Better alone and alive ....than be with him and dead...
regarding hitting...one time is an oversight..two times is a mistake..three times is a habit...
This relationship wont work.

do Polish men like submissive women?

correction...all men like submissive women...haha
it also depends on how you define submissive...
getting him a cup of tea,cooking healthy meals for the kids etc etc..may be submission in many women's eyes...but in other women's eyes its duty towards family which they enjoy and are proud of...

it really depends on what your definition of submission is...

Actually, scratch that. everyones right, i have no self esteem, im stupid and dont want to be lonely. i cant and wont find a good guy here. thats why im with him. i know there is someone in the USA, but im in stupid UK. im with him for the wrong reasons, but im just weak. no-one is going to help me become stronger. but forget the abuse, he is a decent guy.

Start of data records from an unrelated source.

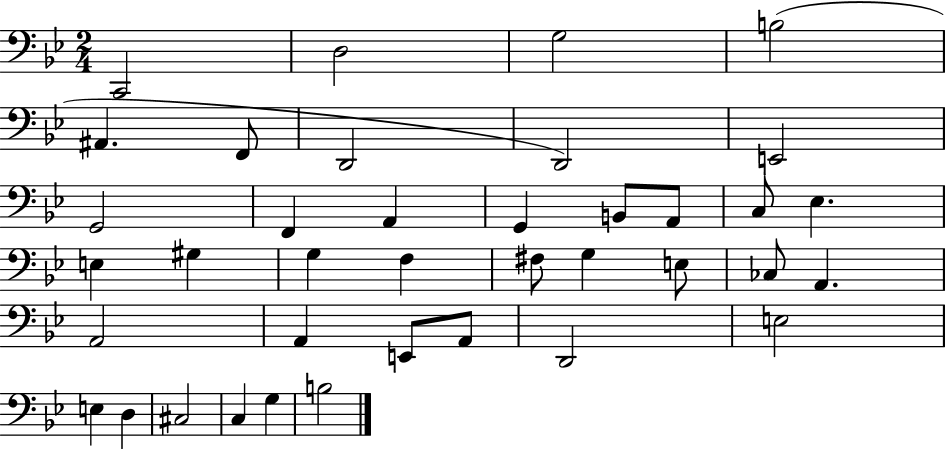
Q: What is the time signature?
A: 2/4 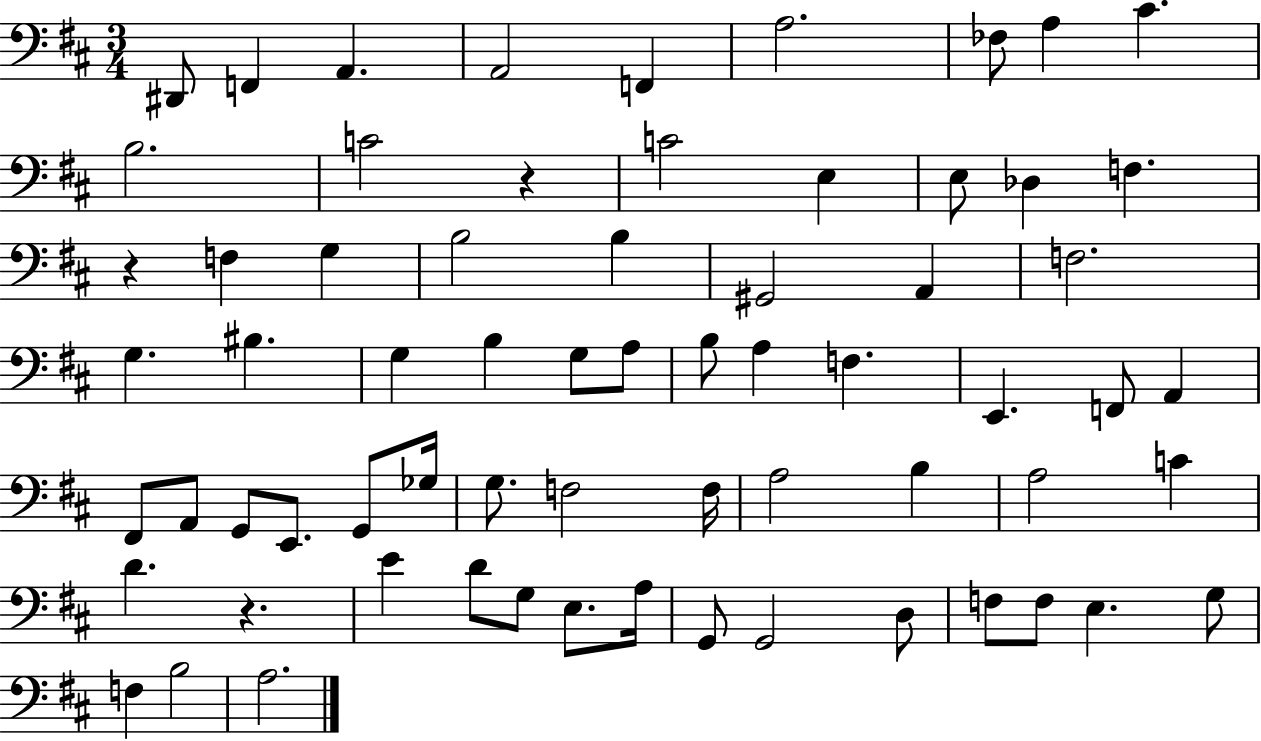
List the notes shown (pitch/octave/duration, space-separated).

D#2/e F2/q A2/q. A2/h F2/q A3/h. FES3/e A3/q C#4/q. B3/h. C4/h R/q C4/h E3/q E3/e Db3/q F3/q. R/q F3/q G3/q B3/h B3/q G#2/h A2/q F3/h. G3/q. BIS3/q. G3/q B3/q G3/e A3/e B3/e A3/q F3/q. E2/q. F2/e A2/q F#2/e A2/e G2/e E2/e. G2/e Gb3/s G3/e. F3/h F3/s A3/h B3/q A3/h C4/q D4/q. R/q. E4/q D4/e G3/e E3/e. A3/s G2/e G2/h D3/e F3/e F3/e E3/q. G3/e F3/q B3/h A3/h. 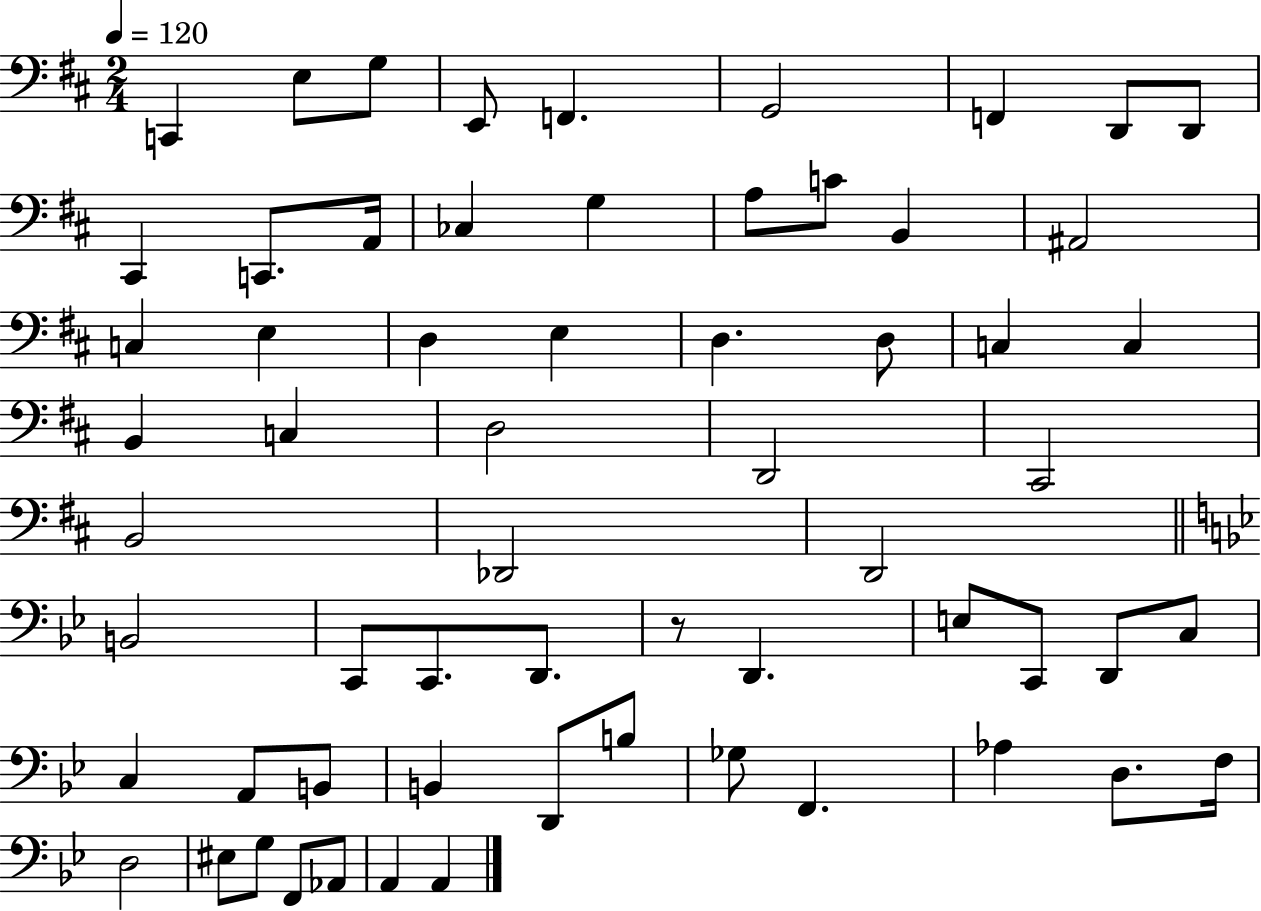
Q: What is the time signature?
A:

I think I understand you...when in an abusive relationship its easy to 1. feel sympathy to the partner 2. have low self esteem 3. feel that once you let go you wont be able to enjoy the special bond that you had with anyone else 4. Feel that you are better off with an abusive man who loves than be alone

I think only time will heal you...if you have kids or are married ...god help you...if you 2 arent that stage yet....there is hope...its unchartered personal territory that you will traverse ...heres hoping you a good journey...
Ciemnosc  1 | 1  
19 Feb 2009 /  #90
My husband has a very bad temper. It has been getting better over time where he has learned not to vent his anger and frustration out at me but in the beginning it was terrible! I don't know if it is because he is Polish or if he is just a man with a very bad temper lol.